* [Instructions for the task] The response should contain all of the records, copied exactly, and none of the images.

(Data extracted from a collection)
────────

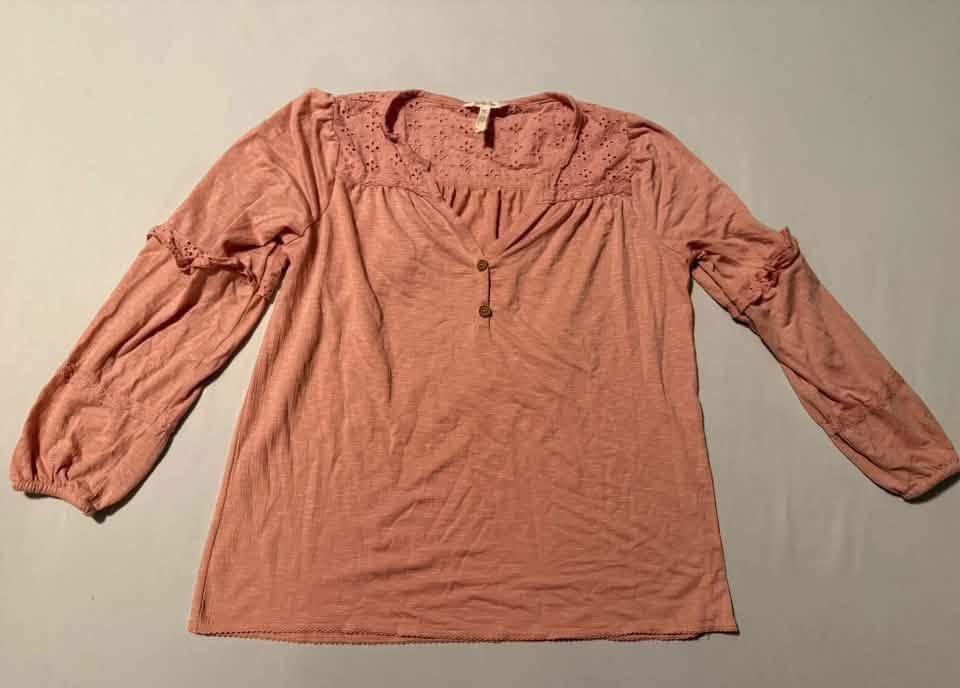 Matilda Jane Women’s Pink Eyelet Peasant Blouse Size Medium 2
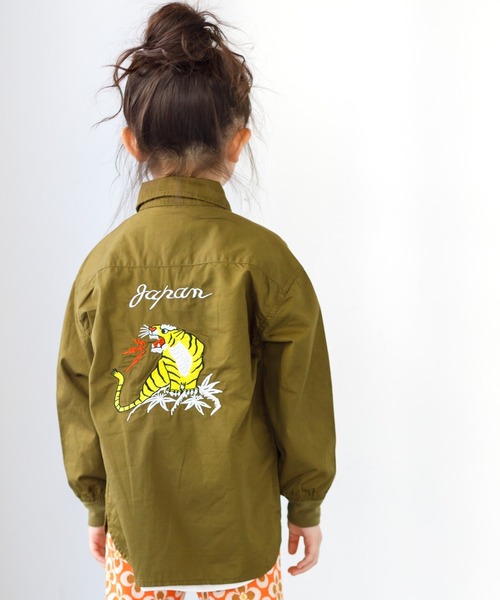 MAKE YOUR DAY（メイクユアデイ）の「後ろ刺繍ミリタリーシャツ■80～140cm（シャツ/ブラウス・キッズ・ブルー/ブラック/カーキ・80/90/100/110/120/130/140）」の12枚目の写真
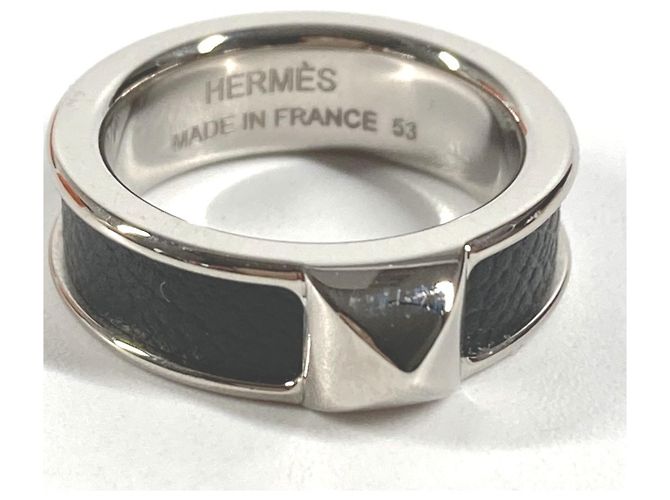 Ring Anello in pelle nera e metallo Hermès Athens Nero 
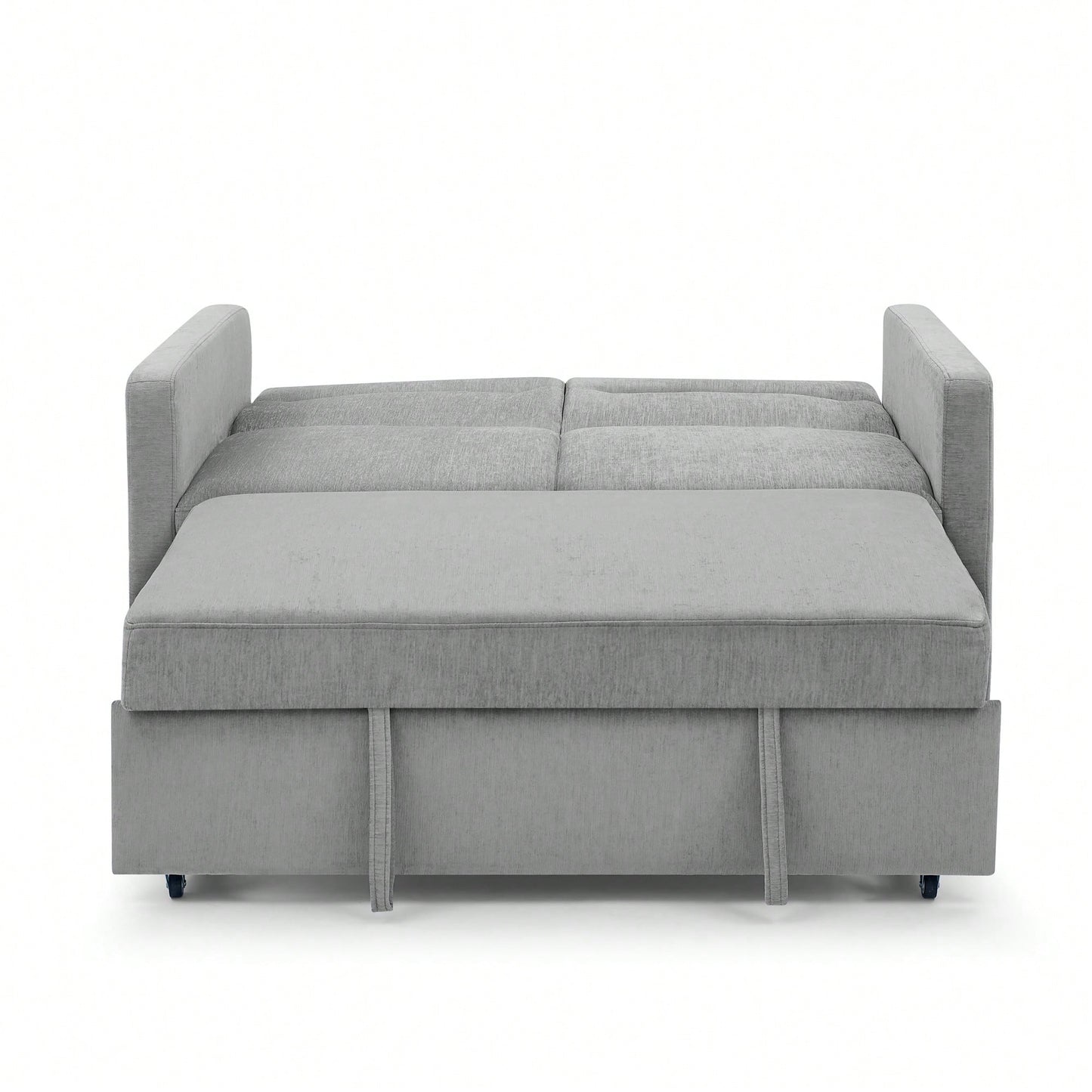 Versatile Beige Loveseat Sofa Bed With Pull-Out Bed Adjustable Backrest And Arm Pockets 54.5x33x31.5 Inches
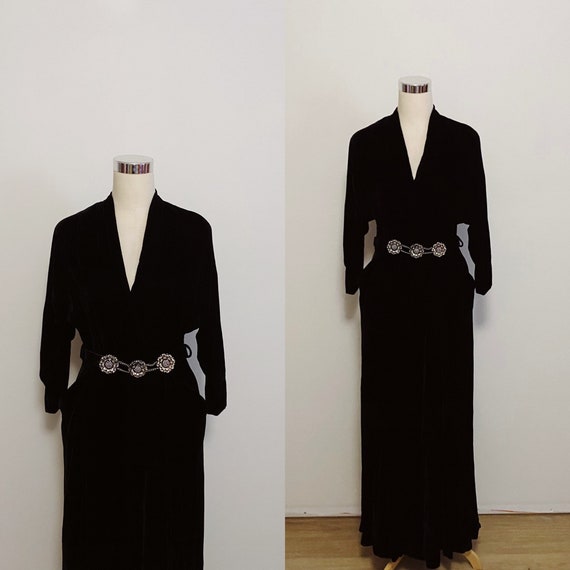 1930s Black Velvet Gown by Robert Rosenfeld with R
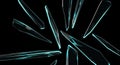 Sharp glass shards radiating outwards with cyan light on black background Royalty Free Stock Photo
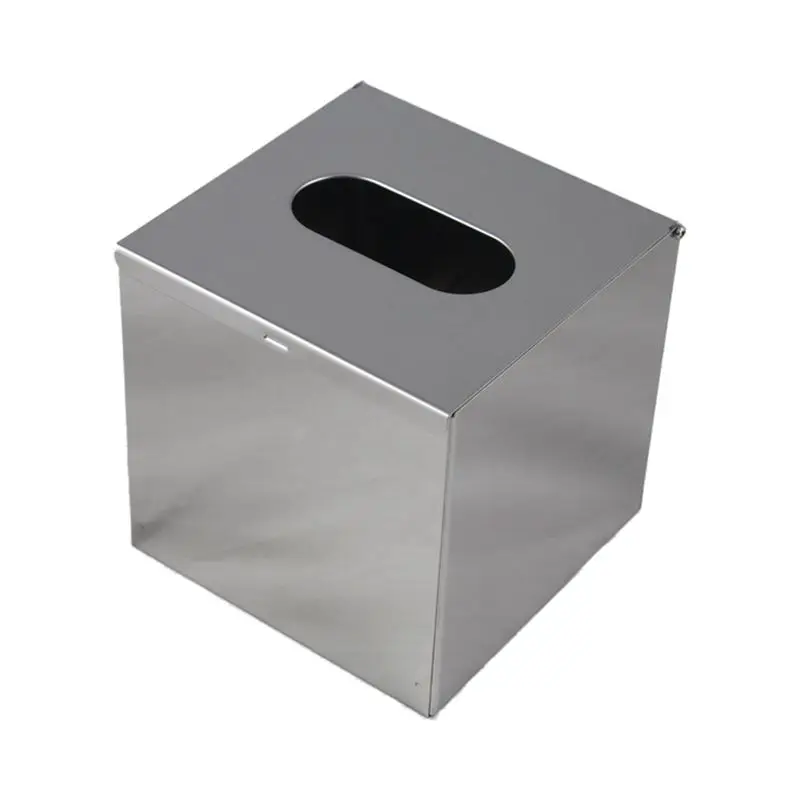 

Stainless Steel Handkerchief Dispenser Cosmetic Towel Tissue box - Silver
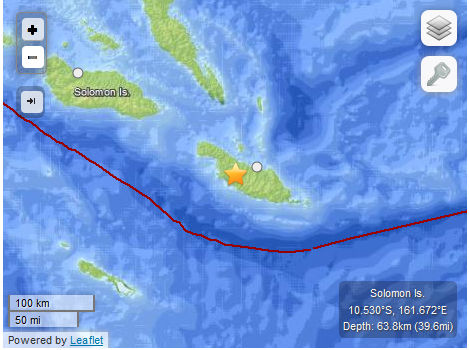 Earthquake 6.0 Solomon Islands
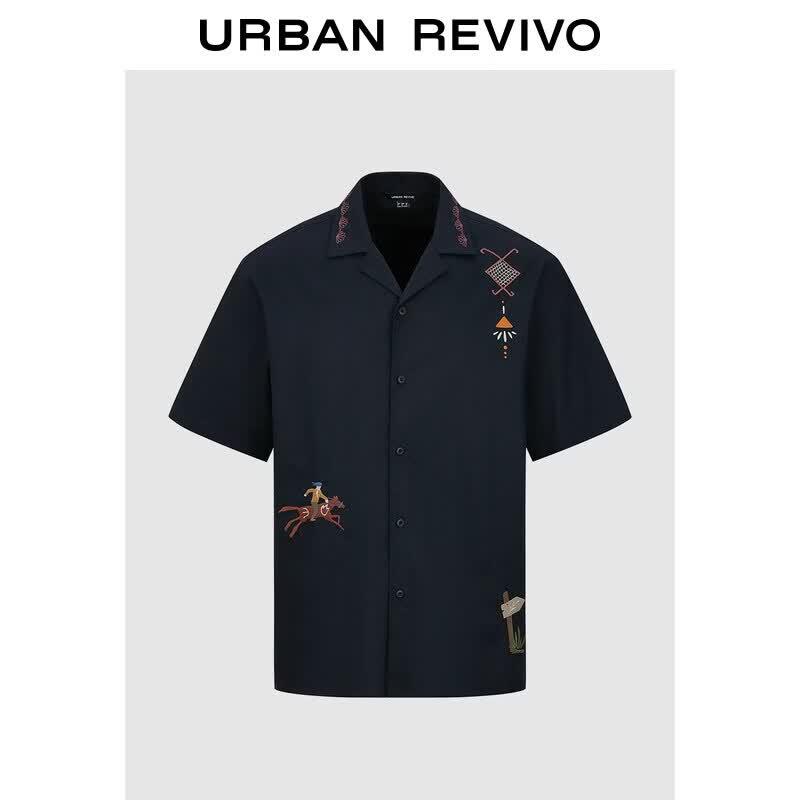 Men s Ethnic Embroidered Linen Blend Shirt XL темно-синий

────────

* [Written answer]
 Matilda Jane Women’s Pink Eyelet Peasant Blouse Size Medium 2
 MAKE YOUR DAY（メイクユアデイ）の「後ろ刺繍ミリタリーシャツ■80～140cm（シャツ/ブラウス・キッズ・ブルー/ブラック/カーキ・80/90/100/110/120/130/140）」の12枚目の写真
 Ring Anello in pelle nera e metallo Hermès Athens Nero 
 Versatile Beige Loveseat Sofa Bed With Pull-Out Bed Adjustable Backrest And Arm Pockets 54.5x33x31.5 Inches
 1930s Black Velvet Gown by Robert Rosenfeld with R
 Sharp glass shards radiating outwards with cyan light on black background Royalty Free Stock Photo

Stainless Steel Handkerchief Dispenser Cosmetic Towel Tissue box - Silver
 Earthquake 6.0 Solomon Islands
 Men s Ethnic Embroidered Linen Blend Shirt XL темно-синий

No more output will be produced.